▶ Source material
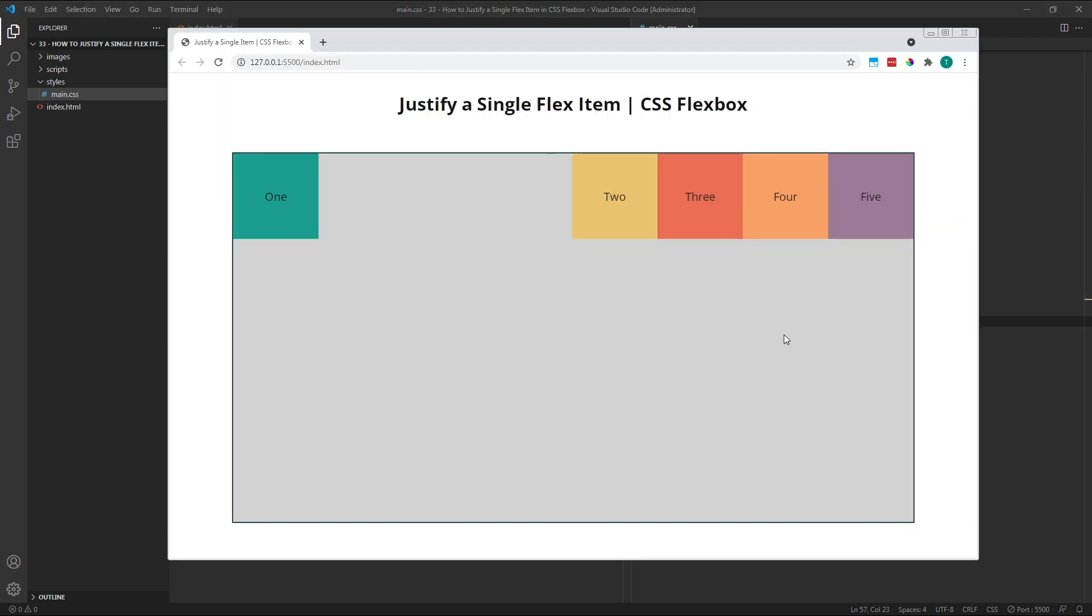As we can see in the browser, the area of free space that was originally to the right of all of our flex items has now been assigned as the margin on the right of flex item 1. This AutoMargin creates space between item 1 and the rest of the flex items, which gives us the exact layout we wanted.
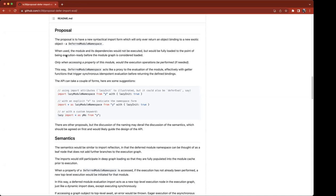What's the difference between the third one and the second one? Just the syntax — we're not reusing import attributes; we treat defer as one of the various phases.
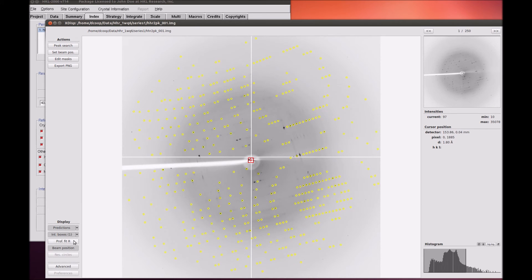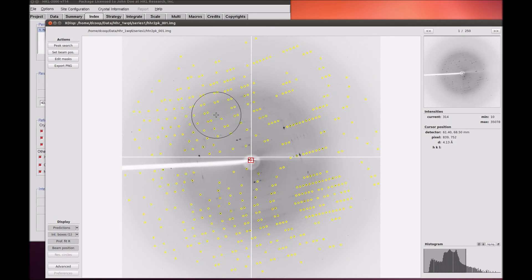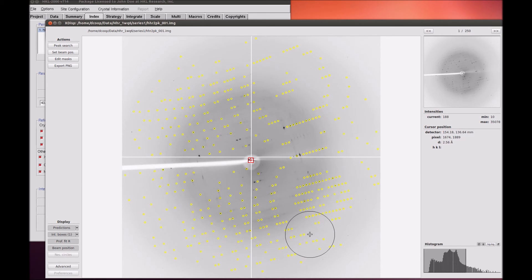The Profile Fitting Radius button can be used to show the size of the area that is used to calculate the expected profile for each reflection.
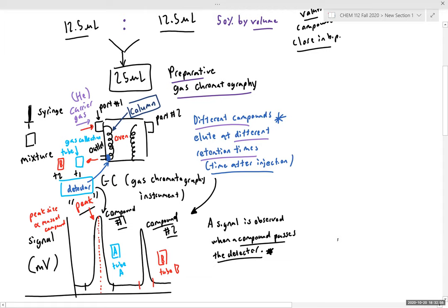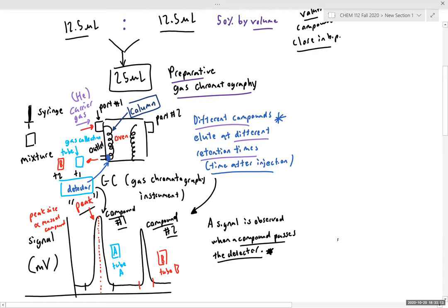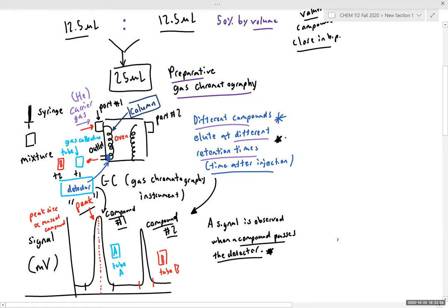We take our syringe and inject it into the injection port. The column and injection port are heated, so the samples will vaporize. A carrier gas pushes our sample through a column warmed with an oven, and as our sample exits the column, it passes through a detector. This detector measures and provides a signal based on the concentration of compound passing through — more specifically, mass over volume. We will collect two fractions, A and B, as they elute from the column at different retention times.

▶ Work order
The lines to copy run from the line containing "What's the difference" through the end of the data above; copy exactly those, minus the pictures.

▶ Result
What's the difference between the third one and the second one? Just the syntax — we're not reusing import attributes; we treat defer as one of the various phases.
The Profile Fitting Radius button can be used to show the size of the area that is used to calculate the expected profile for each reflection.
We take our syringe and inject it into the injection port. The column and injection port are heated, so the samples will vaporize. A carrier gas pushes our sample through a column warmed with an oven, and as our sample exits the column, it passes through a detector. This detector measures and provides a signal based on the concentration of compound passing through — more specifically, mass over volume. We will collect two fractions, A and B, as they elute from the column at different retention times.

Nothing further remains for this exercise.